In quella Renault c’era il corpo di Moro
Pur non essendo mai entrato nell’ala della discoteca, intuii che, di lì, si sarebbe potuto osservare meglio quanto stava accadendo in Via Caetani. Salutai il cameraman e li seguii. L’altro, probabilmente un giornalista, non fece obiezioni. I due si fecero aprire una finestra che dava su un balcone sovrastante la via e cominciarono a riprendere la scena. Erano le 14:00, circa; della RAI, ancora nessuna traccia.
Dal balcone, vidi che la macchina parcheggiata contro mano, con il muso rivolto verso via dei Funari, era una Renault 4 rosso-Bordeaux, molto impolverata, con la vernice della carrozzeria scrostata in qualche punto. All’interno del bagagliaio, si notava che il sedile posteriore era stato abbassato per far posto a ciò che sembrava un grosso fagotto, avvolto in una coperta di lana color cammello, come una di quelle di casa.
«È Moro?» chiese il cameraman al giornalista. Questi confermò: quel fagotto gettato dietro il sedile posteriore della Renault color amaranto parcheggiata era il corpo inerme di Aldo Moro. Dalla mia postazione riconobbi il ministro Cossiga, con l’ex sindaco Darida. Erano arrivati anche il ministro Bonifacio e il leader comunista Giancarlo Pajetta.
Gli artificieri arrivano in Via Caetani
Dopo alcuni momenti d’irreale silenzio, qualcuno si avvicinò al portellone posteriore della macchina. Erano gli artificieri chiamati dalla forza pubblica. Gli esperti anti sabotaggio cominciarono ad armeggiare attorno alla Renault. Riuscirono ad aprire gli sportelli laterali, poi tastarono con molta cautela il portellone del bagagliaio.

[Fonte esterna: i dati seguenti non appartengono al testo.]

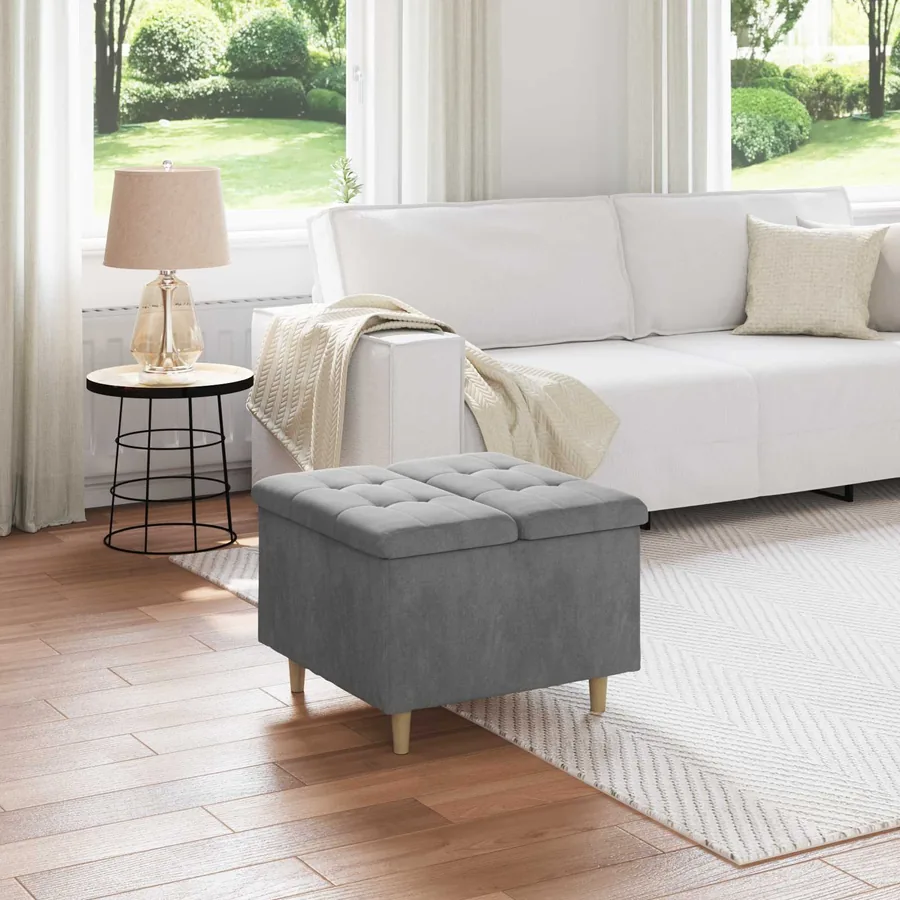 Pouf de rangement Gris foncé 60 x 60 x 45 cm Velours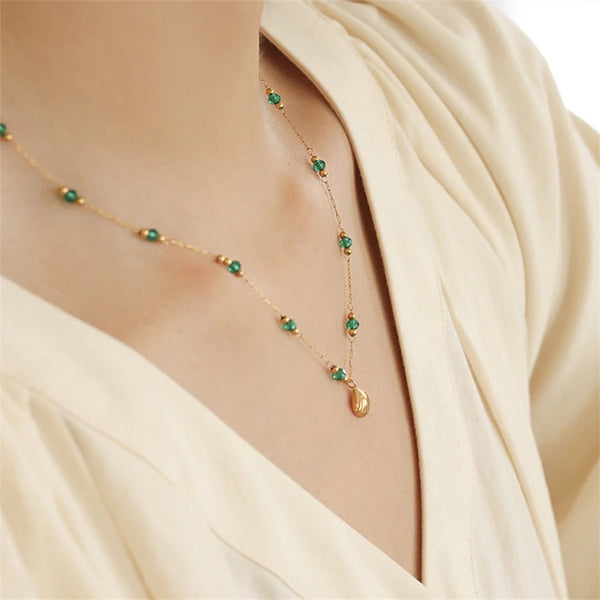 VACAY | Gold Shimmer and Green Bead Shell Charm | Tarnish Free | Dainty Necklace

L’impresa sembrava alquanto difficoltosa.
Finalmente, si accorsero che la serratura era già stata forzata dal soggetto che il custode della biblioteca aveva visto mezz’ora prima. Poterono quindi aprire facilmente il portellone, sia pure con molta prudenza. Un artificiere alzò il lembo della coperta di lana e, dal mio posto privilegiato di osservazione, intravidi chiaramente il cereo volto di Moro. Pur essendo relativamente lontano, mi sembrò che avesse gli occhi semichiusi e la barba incolta.
Alle 14:45, arrivò un anziano sacerdote, con una stola viola posta di traverso sulla tonaca. Tracciò un segno di croce, con l’olio santo, sulla fronte della povera vittima e gli impartì l’assoluzione. Alle 15:00, un’ambulanza dei Vigili del Fuoco riuscì a farsi spazio tra la folla, con le sirene in funzione. Le forze dell’ordine trassero fuori alcune catene da neve e una busta di plastica che erano in un angolo del bagagliaio. Poi le riposero dentro.
Il corpo dello statista, ripiegato e irrigidito, fu quindi estratto dagli artificieri. Dopo pochi minuti, fu caricato nell’ambulanza che, scortata da alcune volanti della polizia, partì a sirene spiegate.